Precompile for general elliptic curve linear combinations



Precompile for Elliptic Curve Linear Combinations

EIP here:

PR here:

I have removed redundant content posted here.


Q4. Accepting points in compressed form adds extra overhead to every call, but allows caller to work with compressed coordinates. Is it worth it?

Q5. Cleverness allows you to use this precompile for modular square root. Is it possible to extract a modular inversion?

Q6. While a transaction has no assumption of privacy, this could be an issue when used in eth_call. A constant time implementation also allows more code-reuse with applications that require more side-channel protection such as wallets. Should we implement constant time algorithms?

Q8. Is it worth exploring some hash to a curve point function or a generic pairing function?




We do currently collect some precompile ideas under, but since the above proposal doesn’t utilise any ewasm-specific behaviour (such as the potential to avoid using the current ABI encoding), I’d suggest the best would be proposing this as an EIP, which can be implemented and tested on ewasm. The other newly implemented precompiles in the ewasm repository all have a corresponding EIP.

What do you think?


This seems to be an outline, if fleshed out it would become an EIP.

A (the?) major use case for this precompile, if I understand correctly, is for doing Pedersen commitments inside contracts, cheaply. So it would supersede a pedersen commitment precompile.


I created a Draft EIP and made a pull request. It links back here for discussion.

@axic since the above proposal doesn’t utilise any ewasm-specific behaviour (such as the potential to avoid using the current ABI encoding), I’d suggest the best would be proposing this as an EIP, which can be implemented and tested on ewasm

Yes, I realized this and I don’t want to add technical risk to this proposal by making it unnecessarily dependent on eWASM.

The current implementation strategy is to use the excellent Rust libraries developed by ZCash and have both native and ewasm as a compilation target. We can then test and compare. It is then up to Node developers to either use the Rust library, native library, webassembly library, or develop their own.

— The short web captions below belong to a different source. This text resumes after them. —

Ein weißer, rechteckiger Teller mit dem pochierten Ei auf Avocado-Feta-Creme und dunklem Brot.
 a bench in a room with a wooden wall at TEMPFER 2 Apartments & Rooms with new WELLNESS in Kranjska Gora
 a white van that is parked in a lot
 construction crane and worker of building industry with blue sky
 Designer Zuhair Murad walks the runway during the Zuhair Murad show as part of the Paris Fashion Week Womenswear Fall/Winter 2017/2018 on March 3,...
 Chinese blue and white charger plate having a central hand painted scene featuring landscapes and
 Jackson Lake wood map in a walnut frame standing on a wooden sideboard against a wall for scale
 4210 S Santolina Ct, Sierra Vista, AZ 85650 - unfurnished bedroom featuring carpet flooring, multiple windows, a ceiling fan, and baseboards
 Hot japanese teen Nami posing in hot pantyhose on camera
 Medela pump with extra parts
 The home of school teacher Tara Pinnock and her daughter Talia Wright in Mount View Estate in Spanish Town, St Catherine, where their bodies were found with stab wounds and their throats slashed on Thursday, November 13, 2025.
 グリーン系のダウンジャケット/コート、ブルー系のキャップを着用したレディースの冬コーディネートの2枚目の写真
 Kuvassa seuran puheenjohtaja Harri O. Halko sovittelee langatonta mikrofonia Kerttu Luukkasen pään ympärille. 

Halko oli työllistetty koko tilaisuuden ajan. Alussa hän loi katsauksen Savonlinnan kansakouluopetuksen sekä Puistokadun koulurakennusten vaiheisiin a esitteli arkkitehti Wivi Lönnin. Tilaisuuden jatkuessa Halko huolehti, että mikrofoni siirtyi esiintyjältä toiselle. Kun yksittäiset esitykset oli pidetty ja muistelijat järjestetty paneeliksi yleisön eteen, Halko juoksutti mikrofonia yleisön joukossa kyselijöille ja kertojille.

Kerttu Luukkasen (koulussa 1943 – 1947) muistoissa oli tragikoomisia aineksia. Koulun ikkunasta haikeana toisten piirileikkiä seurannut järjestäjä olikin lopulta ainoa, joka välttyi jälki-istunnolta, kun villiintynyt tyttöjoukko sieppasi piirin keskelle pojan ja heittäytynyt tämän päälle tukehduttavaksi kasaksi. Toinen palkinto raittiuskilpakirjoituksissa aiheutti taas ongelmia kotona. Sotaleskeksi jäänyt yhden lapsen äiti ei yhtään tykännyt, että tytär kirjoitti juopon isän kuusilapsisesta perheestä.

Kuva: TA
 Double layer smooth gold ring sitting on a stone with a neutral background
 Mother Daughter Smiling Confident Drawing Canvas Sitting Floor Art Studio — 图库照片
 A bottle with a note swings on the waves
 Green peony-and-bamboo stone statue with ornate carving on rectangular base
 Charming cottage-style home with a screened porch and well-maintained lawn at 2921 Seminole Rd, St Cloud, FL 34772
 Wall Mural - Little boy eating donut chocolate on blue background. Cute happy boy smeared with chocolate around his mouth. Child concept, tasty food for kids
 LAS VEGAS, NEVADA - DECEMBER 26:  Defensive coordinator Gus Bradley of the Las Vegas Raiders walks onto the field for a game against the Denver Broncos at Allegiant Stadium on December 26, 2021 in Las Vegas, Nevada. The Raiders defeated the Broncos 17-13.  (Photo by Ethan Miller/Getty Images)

@cdetrio A (the?) major use case for this precompile, if I understand correctly, is for doing Pedersen commitments inside contracts, cheaply.

The goal of this EIP is to subsume a class of problems, including but not limited to

  • EWASM issue 25: Pederson commitments for altbn128.
  • EIP issue 603: ecadd/ecmul for SECP256k1.
  • EIP665: Ed25519 signature verification. Edit: maybe not, requires Montgomery curve, not short Weierstrass.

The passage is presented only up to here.